Gilmore also had the prescience not to close Virginia's Y2K offices after that threat passed. Instead, he deployed those Y2K workers to the technology office, where they could apply their expertise to averting computer shutdowns caused by terrorists instead of the calendar. For practicality and efficiency, that is hard to beat.

But the principal asset Gilmore would bring to the Department of Homeland Security is his vision of defeating terrorism while preserving essential liberties. Most Americans seem to fall into one of two camps -- believing either that rights must be restricted for the sake of security or that danger must be endured as the price of freedom.

Gilmore is convinced that security and freedom do not have to be opposing values.

"If we cast aside all the privacies and protections of the people in order to get at the enemy, then the enemy will have attained a great victory," Gilmore said. "Totalitarian governments are infinitely more secure than free societies."

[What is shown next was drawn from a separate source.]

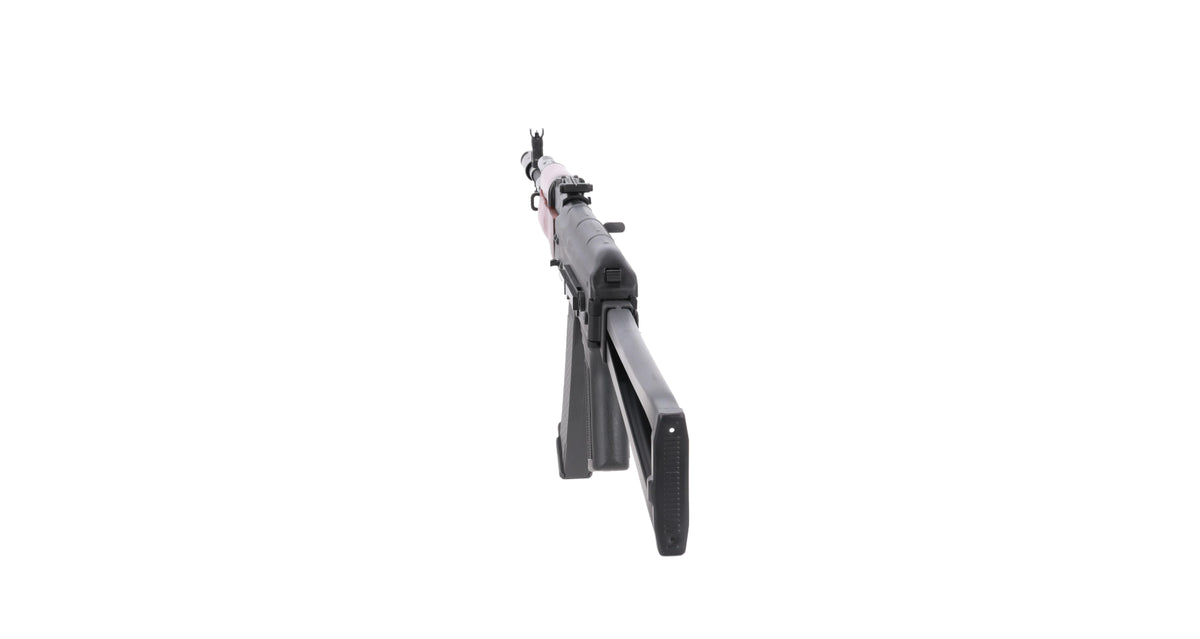 Specna Arms AK SA-J04 EDGE Gen.2 AEG Assault Rifle - Black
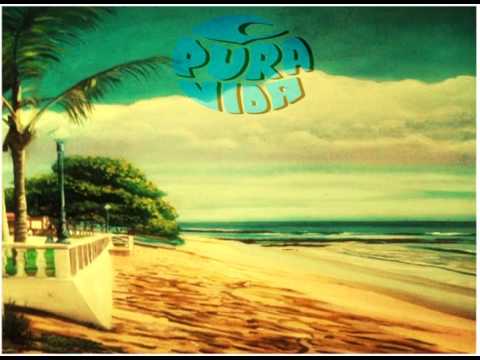 Pura Vida - Byron Bay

To be sure, Gilmore's philosophy goes against the tide. The Pentagon and the Transportation Security Administration are designing supercomputers that will give government access to private information such as medical records and credit card purchases. Americans now are herded into guarded pens for public events on the Mall and the Ellipse. Washington is a city of barricades and fences, surveillance cameras and metal detectors. The nation's capital has become a monument to fear. We are living al Qaeda's dream.

"By moving into the homeland," Gilmore says, "the enemy is trying to force us to invade all the liberties and privacies of the American people to get at [them]. The challenge is to develop procedures and systems to combat the enemy while preserving the civil liberties of the people."

Indeed. If the president is looking for someone to meet that challenge, he doesn't need to look far.